Deyra wächst in Berlin auf - eigentlich sehr westlich und offen. Aber im Urlaub in der Türkei wird ihr klar, dass ihr Vater sie verheiraten will - und ihr Bruder das nicht verhindert. Deyra versteht die Welt micht mehr, zumal sich ihr deutscher Freund Valentin auch nicht mehr meldet. Wieder daheim in Deutschland überschlagen sich die Ereignisse und Deyra wird erstochen. Ehrenmord? War es der Bruder?

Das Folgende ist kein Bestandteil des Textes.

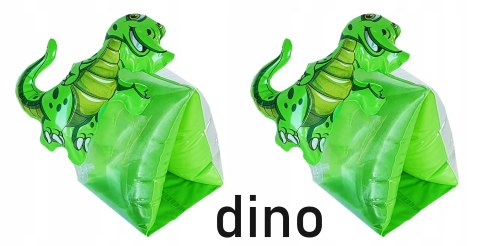 RĘKAW-KI MOTYLKI DO NAUKI PŁYWANIA NA BASEN wzory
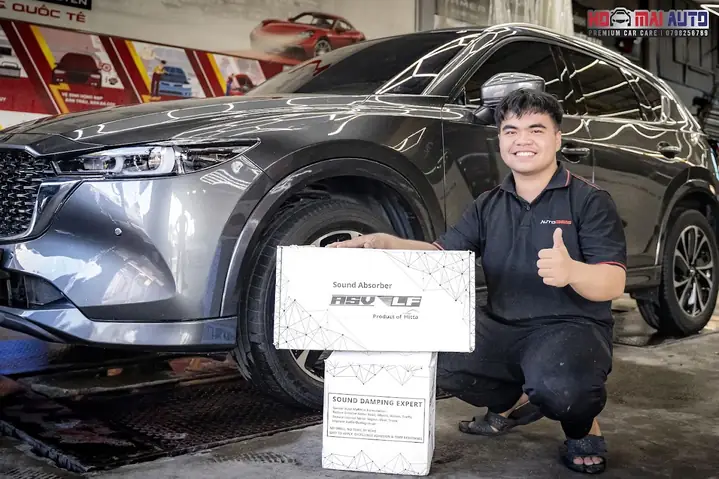 Mazda Cx-5: Đánh Giá Chi Tiết Độ Ồn Và Những Yếu Tố Ảnh Hưởng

Ruth Holländer ist Ende Vierzig, geschieden, alleinerziehend und hat ein französisches Bistro. In all das Chaos kommt die Berufung zur Schöffin und Ruth kann sich nicht davor drücken. Also bleibt ihr nichts anderes übrig, als mit Herz und Hirn die Wahrheit herauszufinden. Der Schock ist groß, als sie feststellt, um was es geht. Deyra war auf der Schule, auf die auch ihre Tochter geht und beide sind im selben Alter. Auch ihr Sohn ist im Alter von Deyras Bruder Aras und somit fühlt sich Ruth besonders stark in den Fall gezogen. Und so ganz nebenbei nervt auch noch der Ex und sie beginnt, sich in den Staatsanwalt zu verlieben ...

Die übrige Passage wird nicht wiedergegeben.